Fig. 4. Unsaturated hydraulic conductivity vs. soil water content for the Ap and E horizons of Gilead soil.

Lakeland Series
The Lakeland series (thermic, coated, Typic Quartzipsamments) (Table 5) consists of very deep, excessively drained, rapidly permeable soils that formed in thick deposits of eolian or marine sands. These soils are found on broad nearly level to very steep uplands, however, slope typically ranges from 0 to 12%. The sand extends to a depth of at least 2 m. Small pockets of light gray or white sand grains or yellow or brown mottles occur in some pedons. It appears that some profiles of Lakeland in MLRA 137 have thin layers or lenses of finer textured material alternating with the coarser sand in the lower part of the profile. The presence of these lenses can increase the water holding capacity of the soil and decreases the saturated hydraulic conductivity..

These soils are excessively drained and the depth to the seasonal water table exceeds 2 m. Natural vegetation consists of drought resistant trees such as blackjack, turkey oak, and longleaf pine. Some acreage of this series is used for high risk farming. Without irrigation water the chance of losing a crop to drought is high due to the low water holding capacity of the soil. The risk of leaching agricultural chemicals out of the root zone is high.

The unsaturated hydraulic conductivity as a function of soil water content for six depth increments of Lakeland in Hoffman, North Carolina is shown in Fig. 5. Much additional soil physical property data for the Lakeland series is available in Southern Cooperative Series Bulletin 262 (Dane et al., 1983).

Fig. 5. Unsaturated hydraulic conductivity vs. volumetric soil water content for Lakeland soil at Hoffman, North Carolina (Dane et al., 1983).

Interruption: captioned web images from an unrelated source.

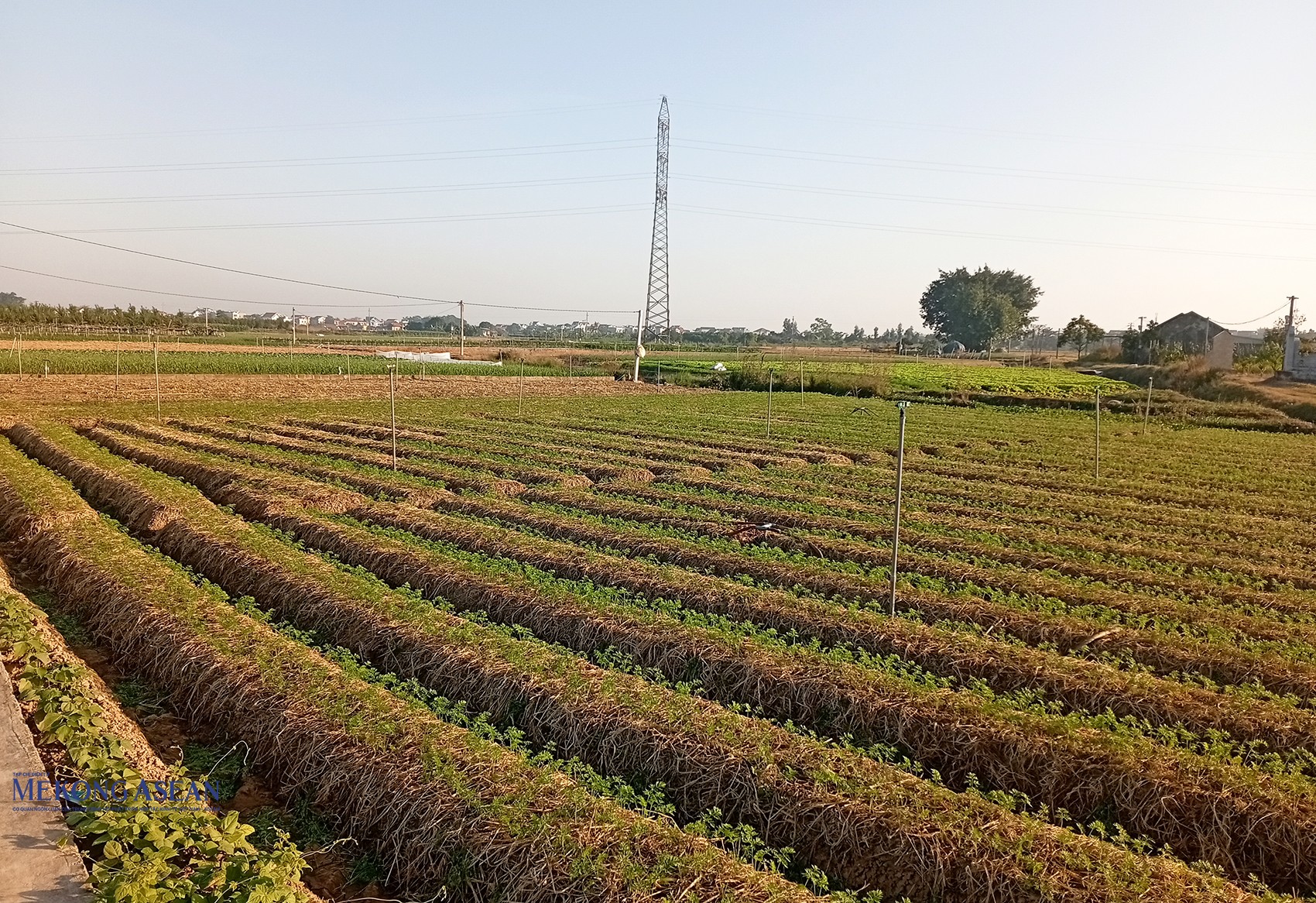 Trên khắp các cánh đồng xã Tuệ Tĩnh, hiện cây cà rốt đang trong thời kỳ sinh trưởng và phát triển. Ảnh: Phùng Nguyện/Mekong ASEAN.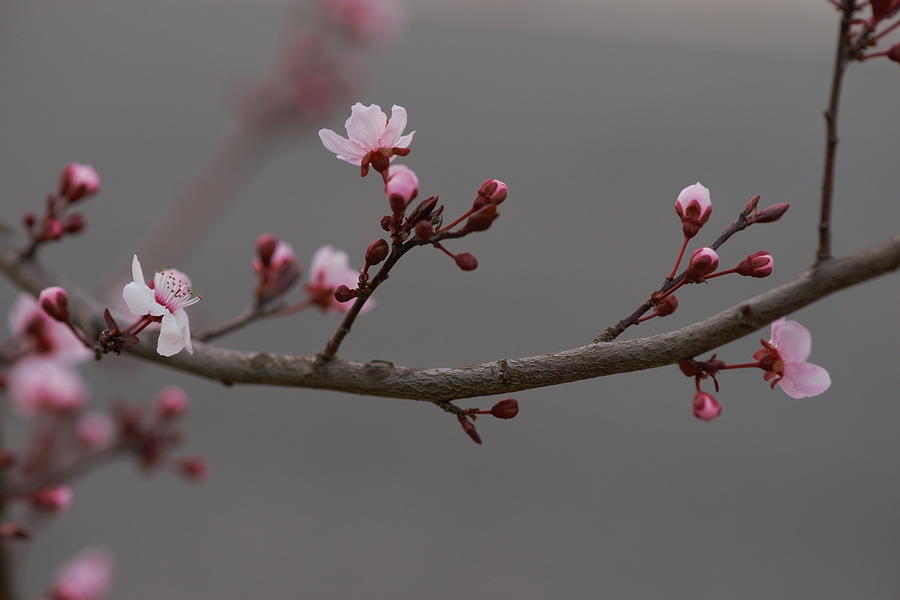 Emerging Winter Cherry Blossom Photograph By Carrie Goeringer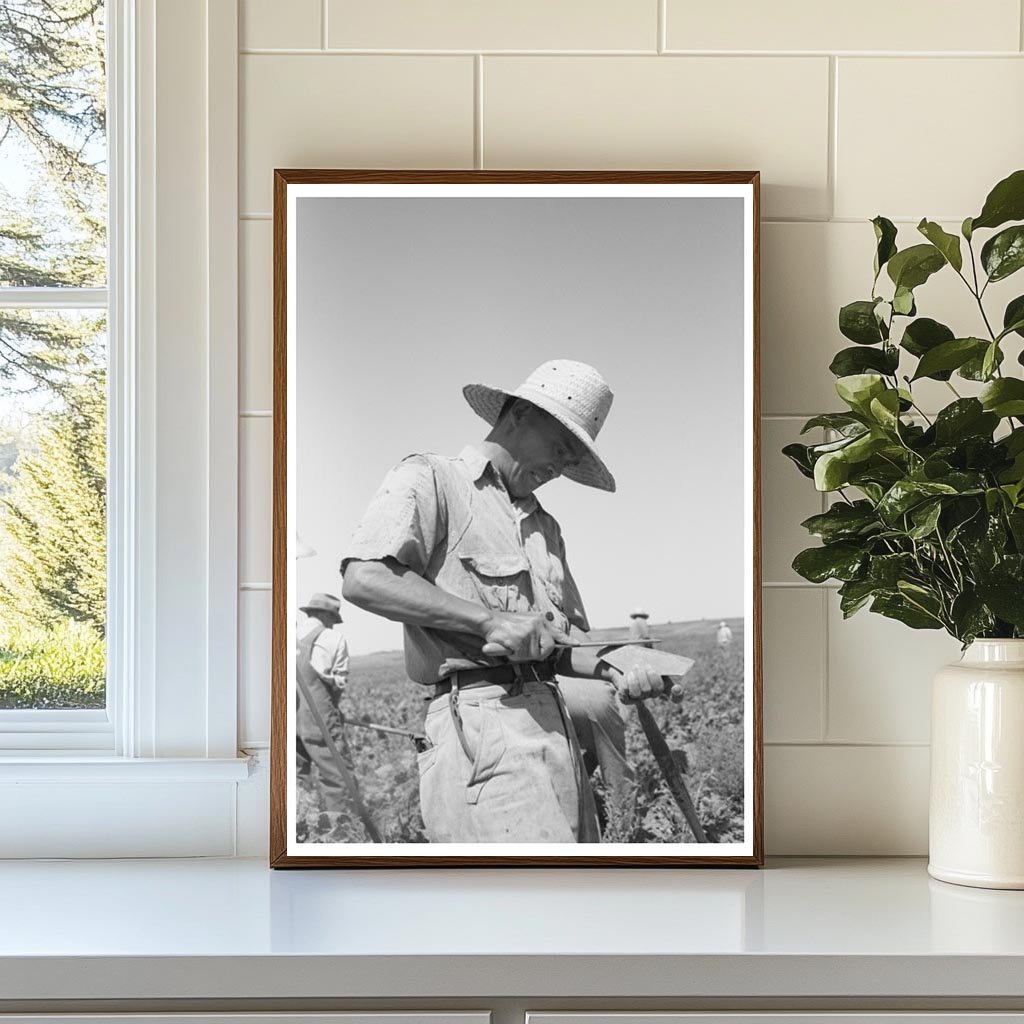 Japanese-American Farm Worker Sharpening Hoe July 1942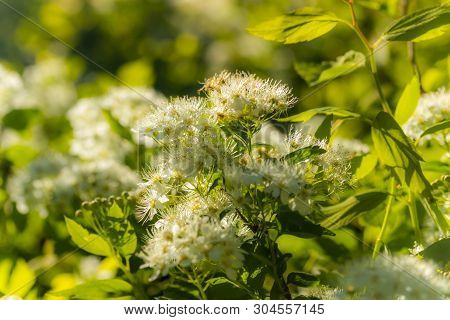 Blooming Bush Of Spirea. Spring Time. Spirea Blossom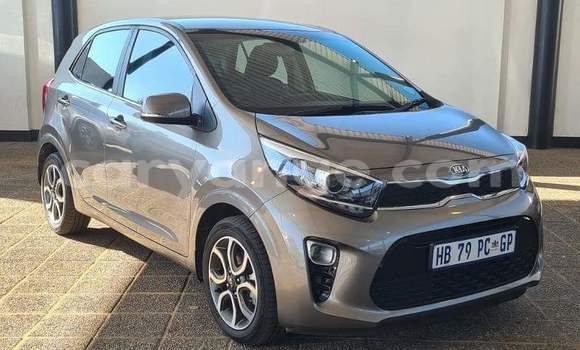 Buy Used Kia Picanto Silver Car in Windhoek in Namibia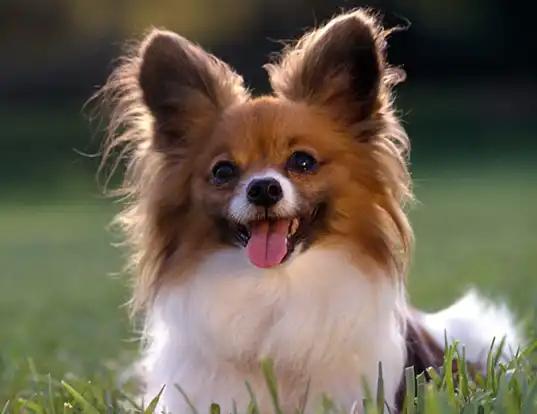 Picture of a papillon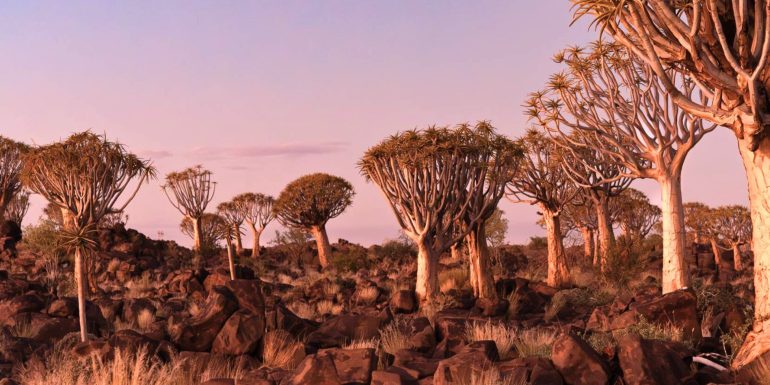 Quiver tree Forest Namibia Header Trees at sunset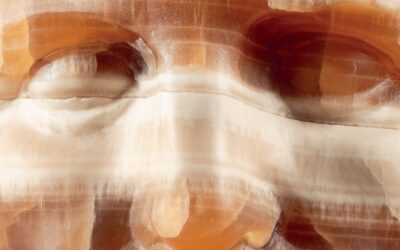 L’arte della natura. Plinio il Vecchio: 2000 anni dopo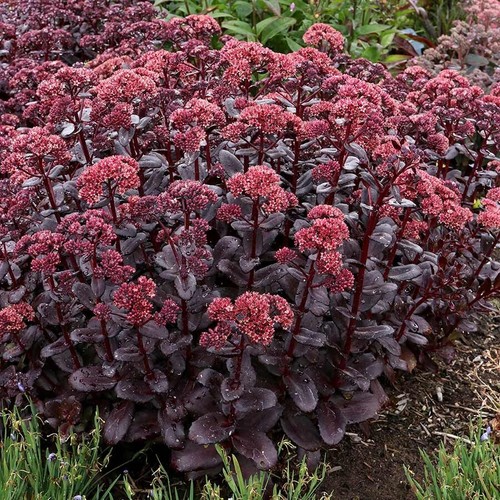 Sedum touchdown teak 9cm - -,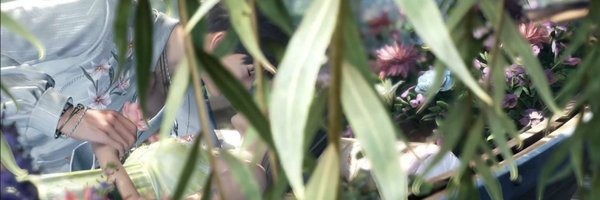 himeno__l Profile Banner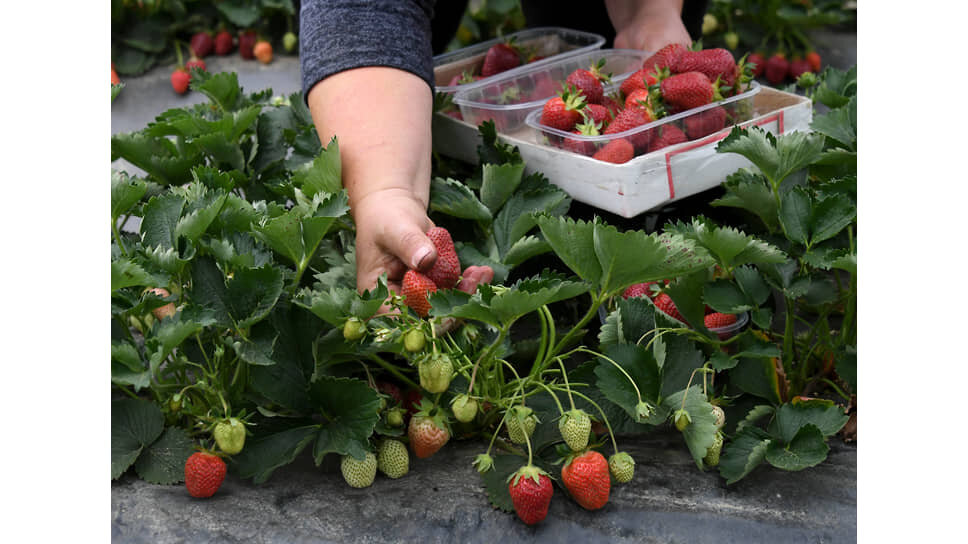 Фото: Виктор Коротаев / Коммерсантъ
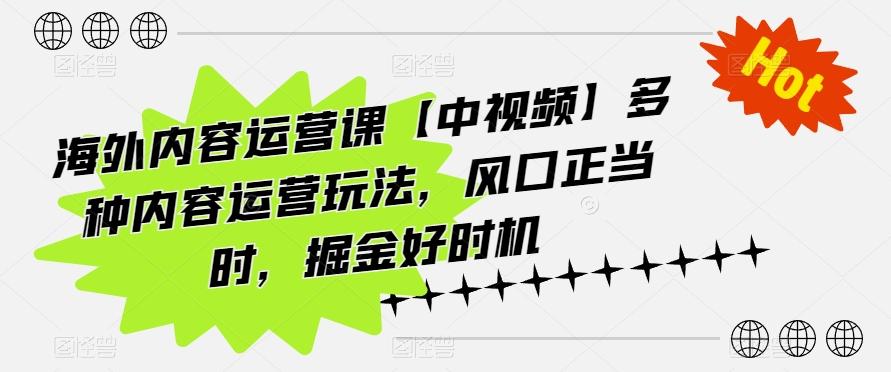 海外内容运营课【中视频】多种内容运营玩法，风口正当时，掘金好时机-铜臭网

Water Management and Solute Transport Implications
Efficient water management is a challenge for the deep sandy soils in MLRA 137. Water from rainfall or irrigation infiltrates the soil rapidly thereby causing runoff and soil erosion to be minimal. However, the low AWHC associated with each soil horizon retains only a small amount of infiltrating water. Thus, the infiltrating water moves down below the rooting zone of most field, tree, and pasture crops. Therefore, this soil is drougthy and agricultural crops are grown at considerable risk unless irrigated. If the soil is irrigated, a high level of water management is required to minimize percolation losses of water below the root zone.

Due to the low AWHC, high infiltration rate, rapid drainage, and low cation exchange capacity (CEC), leaching losses of chemicals can occur . Due to the very low CEC, both cations and anions are subject to leaching to depths below 1 m. Water and solutes moving vertically downward in these soils eventually encounter a less permeable layer thus giving rise to lateral transport. Some of this downward moving water may eventually intercept an impermeable layer and be transported horizontally until it surfaces at springs and seeps.

Literature Cited
Dane, J.H., D.K. Cassel, J.M. Davidson, W.L. Pollans, and V.L. Quisenberry. 1983. Physical characteristics of soils of the Southern Region-Troup and Lakeland. p. 258. Cooperative Series Bulletin 262. Auburn, Alabama.

Green, R.E., L.R. Ahuja, and S.K. Chong. 1986. Hydraulic conductivity, diffusivity, and sorptivity of unsaturated soils: Field methods. In: A. Klute (ed.). Methods of Soil Analysis, Part 1, Agronomy 9. 2nd ed. p 771-798. Am. Soc. Agron. Madison, Wisconsin.

Klute, A., and C. Dirksen. 1986. Hydraulic conductivity and diffusivity: Laboratory methods. In: A. Klute (ed.). Methods of Soil Analysis, Part 1, Agronomy 9. 2nd ed. pp. 687-734. Am. Soc. Agron. Madison, Wisconsin.

USDA. 1981. Land resource regions and major land resource areas of the United States. Agriculture Handbook 296. p. 156. U.S. Government Printing Office. Washington, D.C.